Y de repente te sientes. Lejos, sobre todo. Lejos de algo que vive dentro y contigo. Lo que más me asombra de una imagen, es que me lleva a lugares en donde he creído estar. Dime que no te ha pasado nunca, que, de repente, un encuadre, al igual que una cuestión, te hace saber la respuesta. Cierras los ojos y es como si lo vivieras en el momento. Es como cuando recuerdas un aroma, cuando un escalofrío te recorre y sientes que es ahí donde quieres quedarte. Un nudo en la garganta te hace saber que en ese momento, en el “aquí y ahora”, no-quieres-nada-más.
Lo mismo sucede con las ventanas. Son pequeñas compuertas a otras dimensiones, sitios en los que ocurren cosas. Sin embargo, las ventanas son los poros que vislumbran esos pequeños recovecos que, al igual que nuestro cuerpo, alberga.

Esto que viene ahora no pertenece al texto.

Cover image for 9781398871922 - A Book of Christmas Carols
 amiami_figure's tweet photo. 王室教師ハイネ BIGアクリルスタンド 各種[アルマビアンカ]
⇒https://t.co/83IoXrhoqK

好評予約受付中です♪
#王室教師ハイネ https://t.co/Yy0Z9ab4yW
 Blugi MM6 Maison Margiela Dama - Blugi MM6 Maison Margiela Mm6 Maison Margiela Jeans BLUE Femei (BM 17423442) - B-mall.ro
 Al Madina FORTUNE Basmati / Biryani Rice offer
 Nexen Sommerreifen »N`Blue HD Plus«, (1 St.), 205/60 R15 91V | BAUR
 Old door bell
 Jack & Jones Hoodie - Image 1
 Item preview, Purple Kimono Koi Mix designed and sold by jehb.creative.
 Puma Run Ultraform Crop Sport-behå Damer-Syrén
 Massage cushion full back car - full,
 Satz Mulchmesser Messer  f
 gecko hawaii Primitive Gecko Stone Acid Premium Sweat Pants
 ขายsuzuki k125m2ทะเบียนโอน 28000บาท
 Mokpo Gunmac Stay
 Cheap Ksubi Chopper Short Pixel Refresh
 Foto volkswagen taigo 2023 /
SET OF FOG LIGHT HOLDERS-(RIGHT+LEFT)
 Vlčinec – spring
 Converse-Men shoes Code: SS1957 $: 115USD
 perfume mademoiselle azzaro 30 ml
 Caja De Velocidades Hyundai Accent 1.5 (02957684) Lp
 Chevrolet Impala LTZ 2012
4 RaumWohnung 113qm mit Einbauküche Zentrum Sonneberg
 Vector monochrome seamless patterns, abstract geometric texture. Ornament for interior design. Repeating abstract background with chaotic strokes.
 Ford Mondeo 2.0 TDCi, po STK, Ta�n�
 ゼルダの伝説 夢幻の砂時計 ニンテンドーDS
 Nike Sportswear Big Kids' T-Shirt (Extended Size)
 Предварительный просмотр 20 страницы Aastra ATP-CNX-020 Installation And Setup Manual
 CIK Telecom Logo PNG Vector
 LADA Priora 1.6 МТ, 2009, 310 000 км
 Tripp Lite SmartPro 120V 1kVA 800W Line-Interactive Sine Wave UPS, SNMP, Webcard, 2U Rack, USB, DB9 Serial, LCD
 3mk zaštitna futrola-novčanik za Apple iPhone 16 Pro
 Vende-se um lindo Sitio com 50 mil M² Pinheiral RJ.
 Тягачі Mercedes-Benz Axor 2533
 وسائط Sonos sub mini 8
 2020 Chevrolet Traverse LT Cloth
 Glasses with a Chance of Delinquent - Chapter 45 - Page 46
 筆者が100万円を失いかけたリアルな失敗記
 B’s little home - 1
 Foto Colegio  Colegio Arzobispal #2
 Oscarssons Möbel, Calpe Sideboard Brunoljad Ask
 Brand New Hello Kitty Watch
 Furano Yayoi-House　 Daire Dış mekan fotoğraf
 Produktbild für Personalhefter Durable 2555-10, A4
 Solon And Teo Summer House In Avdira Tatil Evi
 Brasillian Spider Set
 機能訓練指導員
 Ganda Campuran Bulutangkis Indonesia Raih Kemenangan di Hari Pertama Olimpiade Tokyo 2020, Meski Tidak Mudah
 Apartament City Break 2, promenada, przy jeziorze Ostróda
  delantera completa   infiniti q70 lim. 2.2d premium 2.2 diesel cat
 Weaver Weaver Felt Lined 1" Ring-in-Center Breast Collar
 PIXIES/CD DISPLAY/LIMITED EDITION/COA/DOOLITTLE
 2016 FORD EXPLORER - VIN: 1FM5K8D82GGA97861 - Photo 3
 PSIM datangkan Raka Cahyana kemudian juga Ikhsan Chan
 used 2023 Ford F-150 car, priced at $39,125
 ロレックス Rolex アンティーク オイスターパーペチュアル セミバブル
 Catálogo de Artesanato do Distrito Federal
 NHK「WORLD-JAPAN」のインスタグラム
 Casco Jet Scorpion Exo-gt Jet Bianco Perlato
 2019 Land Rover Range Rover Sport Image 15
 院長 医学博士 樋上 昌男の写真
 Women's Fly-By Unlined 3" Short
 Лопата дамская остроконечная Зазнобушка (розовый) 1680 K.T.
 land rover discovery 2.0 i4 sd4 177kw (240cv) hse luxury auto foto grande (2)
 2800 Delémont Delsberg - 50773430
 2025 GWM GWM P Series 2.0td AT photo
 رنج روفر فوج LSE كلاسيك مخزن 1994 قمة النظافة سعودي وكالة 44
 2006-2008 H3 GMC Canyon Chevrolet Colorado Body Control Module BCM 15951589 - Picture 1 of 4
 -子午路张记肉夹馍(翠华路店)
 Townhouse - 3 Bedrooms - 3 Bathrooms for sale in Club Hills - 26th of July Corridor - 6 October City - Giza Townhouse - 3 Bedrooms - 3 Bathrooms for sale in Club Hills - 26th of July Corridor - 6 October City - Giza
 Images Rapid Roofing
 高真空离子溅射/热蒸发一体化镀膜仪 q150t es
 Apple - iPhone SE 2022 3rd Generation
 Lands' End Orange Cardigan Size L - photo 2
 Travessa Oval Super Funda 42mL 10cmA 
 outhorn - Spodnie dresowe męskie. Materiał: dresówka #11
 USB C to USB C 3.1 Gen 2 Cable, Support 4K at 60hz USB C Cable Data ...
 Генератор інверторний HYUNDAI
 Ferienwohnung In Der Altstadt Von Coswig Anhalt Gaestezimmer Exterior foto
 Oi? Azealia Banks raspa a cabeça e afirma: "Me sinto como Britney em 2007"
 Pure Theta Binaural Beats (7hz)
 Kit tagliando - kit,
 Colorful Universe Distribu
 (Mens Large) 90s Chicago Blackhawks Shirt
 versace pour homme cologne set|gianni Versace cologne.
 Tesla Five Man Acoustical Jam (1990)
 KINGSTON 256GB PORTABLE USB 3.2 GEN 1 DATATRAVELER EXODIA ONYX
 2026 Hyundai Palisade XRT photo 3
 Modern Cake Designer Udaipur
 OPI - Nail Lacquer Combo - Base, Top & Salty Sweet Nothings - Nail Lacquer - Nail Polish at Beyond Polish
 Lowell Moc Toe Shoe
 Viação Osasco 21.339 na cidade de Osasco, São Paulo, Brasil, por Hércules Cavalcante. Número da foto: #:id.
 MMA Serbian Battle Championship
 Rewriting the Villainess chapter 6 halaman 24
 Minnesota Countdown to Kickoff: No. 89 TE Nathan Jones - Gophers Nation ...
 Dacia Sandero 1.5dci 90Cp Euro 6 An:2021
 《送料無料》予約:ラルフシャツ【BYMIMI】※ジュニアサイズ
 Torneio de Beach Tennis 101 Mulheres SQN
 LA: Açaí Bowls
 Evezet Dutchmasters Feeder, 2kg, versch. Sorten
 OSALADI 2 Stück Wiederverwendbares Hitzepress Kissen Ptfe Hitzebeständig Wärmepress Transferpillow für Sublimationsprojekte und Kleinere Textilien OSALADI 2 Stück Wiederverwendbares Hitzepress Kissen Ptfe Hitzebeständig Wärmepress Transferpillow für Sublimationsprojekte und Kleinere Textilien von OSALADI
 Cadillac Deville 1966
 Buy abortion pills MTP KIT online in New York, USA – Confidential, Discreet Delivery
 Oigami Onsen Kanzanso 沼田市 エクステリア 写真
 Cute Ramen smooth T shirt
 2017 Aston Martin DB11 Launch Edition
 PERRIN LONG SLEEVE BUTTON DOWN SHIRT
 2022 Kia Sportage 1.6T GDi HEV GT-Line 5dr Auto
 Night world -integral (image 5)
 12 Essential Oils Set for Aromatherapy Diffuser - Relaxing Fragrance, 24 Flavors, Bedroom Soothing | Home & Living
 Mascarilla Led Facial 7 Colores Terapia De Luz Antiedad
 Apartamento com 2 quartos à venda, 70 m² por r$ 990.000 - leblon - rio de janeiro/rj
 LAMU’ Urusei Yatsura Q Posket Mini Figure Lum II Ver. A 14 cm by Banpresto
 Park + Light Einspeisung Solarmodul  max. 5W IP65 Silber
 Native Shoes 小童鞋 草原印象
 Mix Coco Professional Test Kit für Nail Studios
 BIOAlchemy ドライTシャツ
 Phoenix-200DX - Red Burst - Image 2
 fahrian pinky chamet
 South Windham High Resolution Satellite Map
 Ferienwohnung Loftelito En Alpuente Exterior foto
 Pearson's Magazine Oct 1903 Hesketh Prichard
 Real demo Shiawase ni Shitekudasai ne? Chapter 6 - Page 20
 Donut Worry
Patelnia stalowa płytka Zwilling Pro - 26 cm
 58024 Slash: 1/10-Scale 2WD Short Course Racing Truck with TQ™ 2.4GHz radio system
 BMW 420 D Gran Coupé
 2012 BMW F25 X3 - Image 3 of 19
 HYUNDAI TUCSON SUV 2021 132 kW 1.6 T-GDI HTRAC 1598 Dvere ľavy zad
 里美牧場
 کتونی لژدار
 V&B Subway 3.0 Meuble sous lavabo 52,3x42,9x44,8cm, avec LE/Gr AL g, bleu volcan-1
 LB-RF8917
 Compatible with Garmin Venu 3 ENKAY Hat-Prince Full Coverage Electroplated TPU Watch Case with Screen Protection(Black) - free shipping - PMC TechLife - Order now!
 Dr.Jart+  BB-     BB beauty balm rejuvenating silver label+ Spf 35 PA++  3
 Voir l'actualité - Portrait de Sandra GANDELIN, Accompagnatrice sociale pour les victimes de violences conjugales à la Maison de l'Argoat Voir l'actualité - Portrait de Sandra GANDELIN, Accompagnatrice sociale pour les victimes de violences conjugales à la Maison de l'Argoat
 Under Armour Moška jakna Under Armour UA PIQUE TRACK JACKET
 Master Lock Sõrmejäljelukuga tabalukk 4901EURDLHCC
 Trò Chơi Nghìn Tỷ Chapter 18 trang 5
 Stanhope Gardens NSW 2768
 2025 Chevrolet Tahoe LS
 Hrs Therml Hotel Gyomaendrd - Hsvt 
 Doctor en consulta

No sé si has tocado a alguien hasta el punto de aprenderle de memoria; es como, a oscuras, saber dónde está el interruptor. Saber mirar, aprender a observar; disfrutar de la luz, descubrir en la oscuridad.
La vida no se trata de preguntarse al final del día qué ha sido real y que no, se trata más bien de preguntarse que ha sido dulce y qué amargo. Ocurre con frecuencia que tratamos el dolor como la cosa más verdadera; conocemos el placer como algo menos placentero de lo que es, y al dolor más doloroso de lo que parece. A favor del placer, entonces diré que el color amarillo y hacer el amor contigo son sin duda de las sensaciones más dulces que me han sucedido en esta tierra.
Mientras recolectaba estancias en los pequeños balcones donde mi niño interior sobrevivía, –archiva- dores, fotografías, textos, mi propia memoria…–, en lo que más pienso es en la anemia del proyecto, una anemia que parece evolucionar en proporción directa a mi entusiasmo. He llegado a pensar que he recolectado lo suficiente como para hablar de un libro de balcones. El espectáculo sucede y se acaba; escenografía desmontada. Mi vida puede cambiar, y cambia.
Algún día dejaré de luchar contra el mundo. Ese día empezaré a amar y dejaré de tener esperanzas. Quizás con el tiempo dejaré de echarte de menos y aprenderé a quererte a medias, papá. Que el futuro no se pueda saber, es para muchos suturarse al presente, en cambio, para otros se trata de entenderse mejor como un chiste o error. Para mí, que me he llegado a denominar como un juguete roto, entiendo el futuro como margen de posibilidades de que las cosas puedan suceder. Uno puede deambular por el paisaje buscando pistas, pero a veces ni la montaña más alta deja al descubierto las conclusiones. En cualquier caso, ya no cuento los días.
Quiero que sepas, que si algún día lees esto, que hubo un tiempo en el que hubiera preferido tenerte a mi lado antes que cualquiera de estas palabras; hubiera preferido tenerte a mi lado antes que todo el amarillo del mundo. Que cuando estabas vivo, intentaste ser alumno, no del anhelo, sino de la luz.
Pero también es cierto que las explicaciones acaban en algún lugar. Este podría ser uno, por ejemplo.